Once the movant has done so, the opposing party cannot rely on the mere hope that the trier of fact will disbelieve the movant's evidence, but instead "must present affirmative evidence" to avoid summary judgment. See, e.g., Anderson, 477 U.S. at 256-57; Teamsters Local Union No. 117 v. Wash. Dep't of Corr., 789 F.3d 979, 994 (9th Cir. 2015); Fed.R.Civ.P. 56(c)(1). This requires "more than simply show[ing] that there is some metaphysical doubt as to the material facts." Matsushita Elec. Indus. Co. v. Zenith Radio Corp., 475 U.S. 574, 586 (1986). By the same token, "evidence [that] is merely colorable, or is not significantly probative" is not enough, Anderson, 477 U.S. at 249-50, and "a scintilla of evidence in support of the plaintiff's position will be insufficient." Id. at 252. To the extent probative, supporting evidence does exist, it must be "set forth in the opposing papers with adequate references so that it could conveniently be found." Carmen v. S.F. Unified Sch. Dist., 237 F.3d 1026, 1031 (9th Cir. 2001); S. Cal. Gas Co. v. City of Santa Ana, 336 F.3d 885, 889 (9th Cir. 2003) ("General references without page or line numbers are not sufficiently specific."); Fed.R.Civ.P. 56(c)(3) (a "court need consider only the cited materials").

DISCUSSION

The Laus assert only one claim in their Complaint—that Defendants violated Section 3604(f)(3)(B) of the FHAA by refusing to provide a parking accommodation in HPP guest parking. Dkt. No. 1, ¶¶ 1, 22-25; Dkt. No. 75 at 2. To establish a claim under the FHAA based on a failure-to-accommodate theory, a plaintiff must show that: "(1) he suffers from a handicap as defined by the FHAA; (2) defendants knew or reasonably should have known of the plaintiff's handicap; (3) accommodation of the handicap `may be necessary' to afford plaintiff an equal opportunity to use and enjoy the dwelling; and (4) defendants refused to make such accommodation." Giebeler v. M & B Assocs., 343 F.3d 1143, 1147 (9th Cir. 2003) (quoting United States v. Cal. Mobile Home Park Mgmt. Co., 107 F.3d 1374, 1380 (9th Cir. 1997)); 42 U.S.C. § 3604(f)(3)(B); see also Budnick v. Town of Carefree, 518 F.3d 1109, 1119 (9th Cir. 2008). The parties do not seriously dispute that the facts of this case satisfy these elements. Defendants instead assert two arguments in support of dismissal: (i) the Laus claim for prospective injunctive relief is moot; and (ii) the Laus have failed to establish that they sustained any compensatory damages. Dkt. No. 68-1 at 2-3, 16-24; Dkt. No. 85 at 8-9.27 The Court will address each argument seriatim.

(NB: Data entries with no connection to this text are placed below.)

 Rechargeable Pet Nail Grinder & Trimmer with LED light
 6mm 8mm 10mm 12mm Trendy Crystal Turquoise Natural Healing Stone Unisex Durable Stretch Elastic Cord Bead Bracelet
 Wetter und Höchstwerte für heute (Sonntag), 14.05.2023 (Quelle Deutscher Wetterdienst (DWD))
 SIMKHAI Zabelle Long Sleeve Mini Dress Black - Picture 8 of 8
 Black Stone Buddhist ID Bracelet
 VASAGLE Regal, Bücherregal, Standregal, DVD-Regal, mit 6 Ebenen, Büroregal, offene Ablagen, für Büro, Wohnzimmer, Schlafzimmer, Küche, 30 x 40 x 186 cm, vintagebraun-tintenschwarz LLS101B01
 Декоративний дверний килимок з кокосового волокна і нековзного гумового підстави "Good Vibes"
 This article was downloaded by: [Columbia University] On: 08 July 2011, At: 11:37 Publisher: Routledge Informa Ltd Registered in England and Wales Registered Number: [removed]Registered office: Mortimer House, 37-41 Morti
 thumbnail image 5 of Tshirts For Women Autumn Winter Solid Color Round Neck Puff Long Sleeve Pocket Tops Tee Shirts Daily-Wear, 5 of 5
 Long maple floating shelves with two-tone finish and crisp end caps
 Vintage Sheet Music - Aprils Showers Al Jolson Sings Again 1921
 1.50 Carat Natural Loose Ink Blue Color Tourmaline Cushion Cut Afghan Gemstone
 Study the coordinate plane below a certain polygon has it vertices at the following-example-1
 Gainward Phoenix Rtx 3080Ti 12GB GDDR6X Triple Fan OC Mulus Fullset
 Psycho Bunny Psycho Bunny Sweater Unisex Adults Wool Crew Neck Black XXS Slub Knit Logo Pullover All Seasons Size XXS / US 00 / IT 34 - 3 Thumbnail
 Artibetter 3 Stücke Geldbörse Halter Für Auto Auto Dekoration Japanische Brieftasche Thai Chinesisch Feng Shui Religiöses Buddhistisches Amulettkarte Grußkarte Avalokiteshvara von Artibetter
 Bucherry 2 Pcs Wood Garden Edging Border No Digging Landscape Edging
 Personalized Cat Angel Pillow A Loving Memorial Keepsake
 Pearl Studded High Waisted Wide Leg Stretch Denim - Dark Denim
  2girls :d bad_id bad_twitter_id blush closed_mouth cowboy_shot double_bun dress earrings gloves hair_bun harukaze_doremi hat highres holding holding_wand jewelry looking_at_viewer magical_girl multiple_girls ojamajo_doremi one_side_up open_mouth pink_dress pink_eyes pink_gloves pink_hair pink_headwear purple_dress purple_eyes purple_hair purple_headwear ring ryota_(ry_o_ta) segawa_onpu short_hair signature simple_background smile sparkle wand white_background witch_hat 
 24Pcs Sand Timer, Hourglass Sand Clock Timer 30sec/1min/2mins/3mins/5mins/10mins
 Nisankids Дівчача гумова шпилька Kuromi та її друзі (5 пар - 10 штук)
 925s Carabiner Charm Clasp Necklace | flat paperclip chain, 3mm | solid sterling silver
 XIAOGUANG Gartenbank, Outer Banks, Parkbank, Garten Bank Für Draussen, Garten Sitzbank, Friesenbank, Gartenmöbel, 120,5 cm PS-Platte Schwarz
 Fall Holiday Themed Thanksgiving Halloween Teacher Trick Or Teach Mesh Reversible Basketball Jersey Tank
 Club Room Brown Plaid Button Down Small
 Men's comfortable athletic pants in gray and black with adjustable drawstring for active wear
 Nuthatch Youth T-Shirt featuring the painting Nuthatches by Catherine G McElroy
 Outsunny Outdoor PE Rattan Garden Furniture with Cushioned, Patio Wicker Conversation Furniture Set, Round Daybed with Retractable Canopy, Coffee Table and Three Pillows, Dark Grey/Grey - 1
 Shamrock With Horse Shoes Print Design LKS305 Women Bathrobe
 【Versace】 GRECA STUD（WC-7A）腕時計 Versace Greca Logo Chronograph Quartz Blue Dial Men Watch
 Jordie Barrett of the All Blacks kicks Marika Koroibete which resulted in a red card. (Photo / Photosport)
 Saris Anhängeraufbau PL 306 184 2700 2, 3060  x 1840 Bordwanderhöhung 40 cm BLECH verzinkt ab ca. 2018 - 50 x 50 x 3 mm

I. Claim for Prospective Injunctive Relief

The Laus seek "an injunction, ordering [Defendants] to allow the [Laus] to park their van in the HPP guest parking . . . for as long as the [Laus]" need such an accommodation. Dkt. No. 1, ¶ 30. That claim for relief is now moot by virtue of the Board granting the Laus' permission to park in guest parking as of July 2019.

"A case becomes moot—and therefore no longer a `Case' or `Controversy" for purposes of Article III—`when the issues presented are no longer `live' or the parties lack a legally cognizable interest in the outcome.'" Already, LLC v. Nike, Inc., 568 U.S. 85, 91 (2013) (quoting Murphy v. Hunt, 455 U.S. 478, 481 (1982) (per curiam)). "A defendant's voluntary cessation of allegedly unlawful conduct ordinarily does not suffice to moot a case." Friends of the Earth, Inc. v. Laidlaw Envtl. Servs., Inc., 528 U.S. 167, 174 (2000). "If it did, the courts would be compelled to leave the defendant . . . free to return to his old ways." Id. at 189 (citations and internal quotation marks omitted). There is an exception, albeit a "stringent" one. Id.

For a case to be found moot because of a defendant's voluntary compliance, the defendant must establish that: "(1) subsequent events have made it absolutely clear that the allegedly wrongful behavior cannot reasonably be expected to recur, and (2) interim relief or events have completely and irrevocably eradicated the effects of the alleged violation." Buono v. Norton, 371 F.3d 543, 545-46 (9th Cir. 2004) (brackets omitted) (quoting Norman-Bloodsaw v. Lawrence Berkeley Lab., 135 F.3d 1260, 1274 (9th Cir. 1998); see Friends of Earth, 528 U.S. at 189-90. The party asserting mootness bears a "heavy" and "formidable" burden. Friends of Earth, 528 U.S. at 189-90; Porter v. Bowen, 496 F.3d 1009, 1017 (9th Cir. 2007).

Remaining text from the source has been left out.